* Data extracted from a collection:

------------------------------------------------------------

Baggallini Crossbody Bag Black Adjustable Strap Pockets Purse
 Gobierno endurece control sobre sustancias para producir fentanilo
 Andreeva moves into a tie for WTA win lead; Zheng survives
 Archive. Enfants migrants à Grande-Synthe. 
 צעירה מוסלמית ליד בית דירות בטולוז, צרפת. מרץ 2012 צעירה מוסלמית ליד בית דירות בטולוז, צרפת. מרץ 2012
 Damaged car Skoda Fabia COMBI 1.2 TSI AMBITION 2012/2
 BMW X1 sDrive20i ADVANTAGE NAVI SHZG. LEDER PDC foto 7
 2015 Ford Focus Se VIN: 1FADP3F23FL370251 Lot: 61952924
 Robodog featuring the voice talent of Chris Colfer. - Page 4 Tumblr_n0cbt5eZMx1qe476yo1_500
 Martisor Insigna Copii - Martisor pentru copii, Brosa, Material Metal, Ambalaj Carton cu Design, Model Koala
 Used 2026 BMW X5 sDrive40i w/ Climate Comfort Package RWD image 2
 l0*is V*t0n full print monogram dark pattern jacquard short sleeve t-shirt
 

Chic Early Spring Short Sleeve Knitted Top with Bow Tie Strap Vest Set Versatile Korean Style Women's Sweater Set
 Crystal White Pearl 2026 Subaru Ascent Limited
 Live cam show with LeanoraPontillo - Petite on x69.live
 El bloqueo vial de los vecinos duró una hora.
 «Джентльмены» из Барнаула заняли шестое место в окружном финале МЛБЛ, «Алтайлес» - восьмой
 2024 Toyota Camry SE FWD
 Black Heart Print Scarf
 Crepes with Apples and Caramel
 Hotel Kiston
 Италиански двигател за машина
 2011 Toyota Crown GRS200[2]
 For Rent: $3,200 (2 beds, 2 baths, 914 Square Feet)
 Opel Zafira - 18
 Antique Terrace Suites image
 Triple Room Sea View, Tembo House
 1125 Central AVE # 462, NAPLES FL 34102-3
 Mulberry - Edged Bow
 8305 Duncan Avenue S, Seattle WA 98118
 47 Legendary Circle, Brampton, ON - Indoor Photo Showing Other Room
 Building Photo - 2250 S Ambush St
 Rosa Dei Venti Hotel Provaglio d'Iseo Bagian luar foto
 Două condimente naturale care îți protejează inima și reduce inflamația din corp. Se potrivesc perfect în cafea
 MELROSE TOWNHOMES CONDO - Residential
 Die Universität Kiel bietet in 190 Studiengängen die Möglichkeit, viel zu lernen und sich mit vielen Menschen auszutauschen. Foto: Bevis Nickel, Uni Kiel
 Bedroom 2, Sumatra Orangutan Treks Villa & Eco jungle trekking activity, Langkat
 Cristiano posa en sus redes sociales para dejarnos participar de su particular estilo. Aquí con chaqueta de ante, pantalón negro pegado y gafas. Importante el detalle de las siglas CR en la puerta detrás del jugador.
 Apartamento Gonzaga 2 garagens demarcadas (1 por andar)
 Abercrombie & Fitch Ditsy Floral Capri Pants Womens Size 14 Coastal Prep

------------------------------------------------------------

* Exercise goal: Find the line containing "BMW X1 sDrive20i" in the data above. Please transcribe it and every line after it, exactly.

* Expected output:
 BMW X1 sDrive20i ADVANTAGE NAVI SHZG. LEDER PDC foto 7
 2015 Ford Focus Se VIN: 1FADP3F23FL370251 Lot: 61952924
 Robodog featuring the voice talent of Chris Colfer. - Page 4 Tumblr_n0cbt5eZMx1qe476yo1_500
 Martisor Insigna Copii - Martisor pentru copii, Brosa, Material Metal, Ambalaj Carton cu Design, Model Koala
 Used 2026 BMW X5 sDrive40i w/ Climate Comfort Package RWD image 2
 l0*is V*t0n full print monogram dark pattern jacquard short sleeve t-shirt
 

Chic Early Spring Short Sleeve Knitted Top with Bow Tie Strap Vest Set Versatile Korean Style Women's Sweater Set
 Crystal White Pearl 2026 Subaru Ascent Limited
 Live cam show with LeanoraPontillo - Petite on x69.live
 El bloqueo vial de los vecinos duró una hora.
 «Джентльмены» из Барнаула заняли шестое место в окружном финале МЛБЛ, «Алтайлес» - восьмой
 2024 Toyota Camry SE FWD
 Black Heart Print Scarf
 Crepes with Apples and Caramel
 Hotel Kiston
 Италиански двигател за машина
 2011 Toyota Crown GRS200[2]
 For Rent: $3,200 (2 beds, 2 baths, 914 Square Feet)
 Opel Zafira - 18
 Antique Terrace Suites image
 Triple Room Sea View, Tembo House
 1125 Central AVE # 462, NAPLES FL 34102-3
 Mulberry - Edged Bow
 8305 Duncan Avenue S, Seattle WA 98118
 47 Legendary Circle, Brampton, ON - Indoor Photo Showing Other Room
 Building Photo - 2250 S Ambush St
 Rosa Dei Venti Hotel Provaglio d'Iseo Bagian luar foto
 Două condimente naturale care îți protejează inima și reduce inflamația din corp. Se potrivesc perfect în cafea
 MELROSE TOWNHOMES CONDO - Residential
 Die Universität Kiel bietet in 190 Studiengängen die Möglichkeit, viel zu lernen und sich mit vielen Menschen auszutauschen. Foto: Bevis Nickel, Uni Kiel
 Bedroom 2, Sumatra Orangutan Treks Villa & Eco jungle trekking activity, Langkat
 Cristiano posa en sus redes sociales para dejarnos participar de su particular estilo. Aquí con chaqueta de ante, pantalón negro pegado y gafas. Importante el detalle de las siglas CR en la puerta detrás del jugador.
 Apartamento Gonzaga 2 garagens demarcadas (1 por andar)
 Abercrombie & Fitch Ditsy Floral Capri Pants Womens Size 14 Coastal Prep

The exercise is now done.